In the video training, the frames are decoded in the training process, and consequently, pre-processing is performed in the training process on the GPU. Note that this is not a viable optimization for the image-based training, as it adds significant overhead when passing the full-resolution images to the training process.
The training is performed for the NuScenes mini dataset, with the following configuration:
Video
GOP size of 30
No B-frames
Including both samples and sweeps (resulting in ~12 frames per second)
1600x900 resolution (same as images)
Batch size of 16 per GPU
Note
We are planning to add a demo for the On-Demand Video Decoder package in the future, including the implementation of the experiments performed in this evaluation.
Hardware Setup A
GPU |
CPU |
|---|---|
8x NVIDIA RTX 6000D |
2x AMD EPYC 7742 64-core Processors |
Hardware Setup B
GPU |
CPU |
|---|---|
8x NVIDIA H20 |
2x Intel Xeon Platinum 8468V 48-core Processors |
Results & Discussion
Results
Results for both hardware systems are shown in the following tables.
Configuration |
Image [ms] |
Video: OpenCV [ms] |
Video: Ours [ms] |
Speedup (vs.

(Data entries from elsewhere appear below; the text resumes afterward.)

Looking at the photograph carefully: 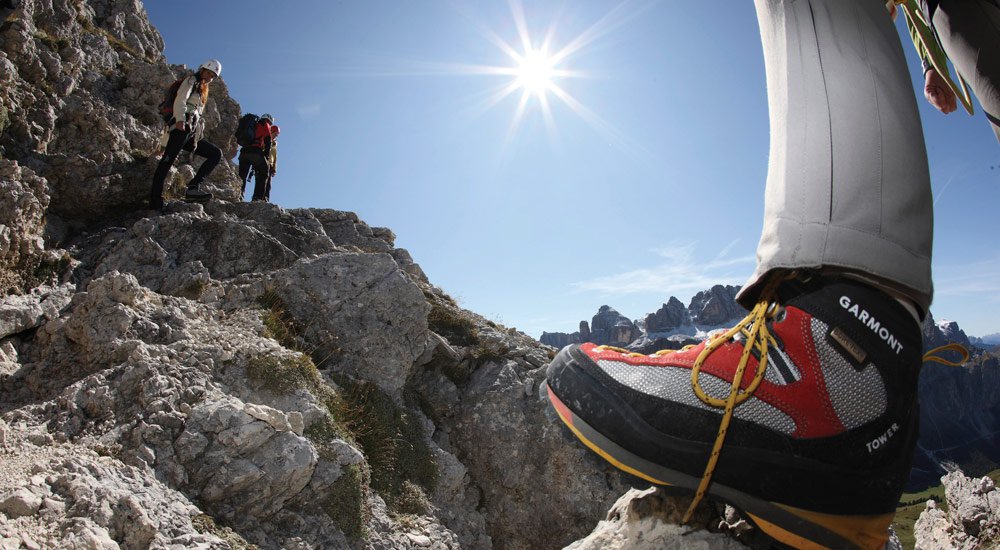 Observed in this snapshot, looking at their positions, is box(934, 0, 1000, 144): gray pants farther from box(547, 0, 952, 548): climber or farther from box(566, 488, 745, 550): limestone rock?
box(566, 488, 745, 550): limestone rock

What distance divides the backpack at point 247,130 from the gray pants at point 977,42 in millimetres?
16787

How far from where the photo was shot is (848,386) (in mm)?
1648

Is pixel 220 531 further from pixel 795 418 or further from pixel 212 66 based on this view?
pixel 212 66

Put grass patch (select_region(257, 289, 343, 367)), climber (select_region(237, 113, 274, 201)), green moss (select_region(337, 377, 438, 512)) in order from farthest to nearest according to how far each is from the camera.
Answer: climber (select_region(237, 113, 274, 201)), grass patch (select_region(257, 289, 343, 367)), green moss (select_region(337, 377, 438, 512))

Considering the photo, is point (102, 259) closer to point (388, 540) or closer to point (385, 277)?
point (385, 277)

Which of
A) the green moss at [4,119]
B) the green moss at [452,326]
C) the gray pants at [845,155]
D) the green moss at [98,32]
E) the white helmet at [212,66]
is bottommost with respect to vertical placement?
the gray pants at [845,155]

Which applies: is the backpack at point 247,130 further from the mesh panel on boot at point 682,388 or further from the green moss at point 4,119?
the mesh panel on boot at point 682,388

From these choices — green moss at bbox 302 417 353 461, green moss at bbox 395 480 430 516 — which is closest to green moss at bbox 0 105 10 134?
green moss at bbox 302 417 353 461

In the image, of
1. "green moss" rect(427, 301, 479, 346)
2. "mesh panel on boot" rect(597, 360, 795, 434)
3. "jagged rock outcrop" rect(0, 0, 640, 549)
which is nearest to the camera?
"mesh panel on boot" rect(597, 360, 795, 434)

Image) |
|---|---|---|---|---|
1 GPU |
725 |
1674 |
751 |
× 0.97 |
8 GPU |
1025 |
2663 |
908 |
× 1.13 |
Configuration |
Image [ms] |
Video [ms] |
Speedup |
|---|---|---|---|
1 GPU |
878 |
862 |
× 1.02 |
8 GPU |
1310 |
1070 |
× 1.22 |
Discussion
On both systems, the performance of the video-based training is comparable to the image-based training for the 1 GPU configuration. The video training outperforms the image training for the 8 GPU configuration, with the speedup depending on the system. However, please note that the main goal is to reduce the storage requirements while maintaining good performance.